A few years ago I worked at an independent bookstore that was not a bookstore. That this space would house, at given times, a zine library, a video production company, a show space, and a gallery would present the possibility of a dutifully promiscuous venue, where media and venue exceeded distinct and exclusive pairings. For the first time in what felt like forever, I also didn’t know where or how I fit in, or what ideas I was wedded to. And so my reality seemed rich with a critical vagueness.
I taught my first freeskool class there and cleaned the bathroom there and one time climbed onto the roof and realized I could die there (I didn’t). On rare occasions I took dates into the back and we’d make out next to the zines, which I later imagined they’d be chill with. I can’t say for sure it was haunted, but on some nights I felt the presence of something looming, like the Ghost of DIY (oOoooOo). All of this is to say that thinking about books also means thinking about the spaces they occupy, the people around them, and the traces they leave behind.

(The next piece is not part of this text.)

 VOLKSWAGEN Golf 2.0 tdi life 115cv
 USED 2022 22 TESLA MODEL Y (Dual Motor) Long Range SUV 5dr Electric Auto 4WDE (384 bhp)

I won’t deny that books can be fantastically boring— and it’s because of this that attending a reading will perhaps never reach the apotheosis of going to a show. But this is kind of sad, too. Having worked at showspaces and bookstores and the frankenspace of both, it’s hard not to feel disappointed when people jump at the chance of live music, yet balk at the charms of spoken word. This is a shame because some of the strangest, queerest folks are writers, and maybe not quite as eager to share their weird ways without a korg, guitar, or backing band.
The fact of books conjuring up this dusty image, of the way things used to be, and of provoking the necessary anxiety about their obsolescence might obscure the broader questions of who gets to make books and how they’re circulated. When we’re thinking about books, we might otherwise think about Amazon warehouse workers, emergent POC and trans authors, and the stories that are or aren’t accounted for in popular imagination.
As for lit or literature, it’s pretty clear that literature has its own fraught stakes and power relations that shouldn’t go uncontested. One of the methods of exposing these stakes is the granular, critical approach that would seek to ask why some texts have been counted in or out of the literary record. In my strange otherworld as a doctoral student, I do this kind of reading often, queering the canon and critiquing the bounds of what literature constitutes.
The other method, and possibly the more interesting and vapid one, is to contest the literary category by just applying it to whatever you want. Fan fiction, text messages, spam mail, MySpace entries, and straight up garbage all bear reading with enough patience or fondness. Poring through a whole text message relationship might reveal the minutiae guiding the ebbs and flows of a romance that’s run its course, and when you then accidentally drop your phone on your face, you’ll know that you’ve read something touching and important.
So, by all means, read books. But read other things too: zines, menus, signs, habits, situations, and each other. All of this agonizing over what’s alive or not might be better spent asking why we’re still interested in closing off certain media, or how we might open them up further, explosively, toward new and dangerous possibilities.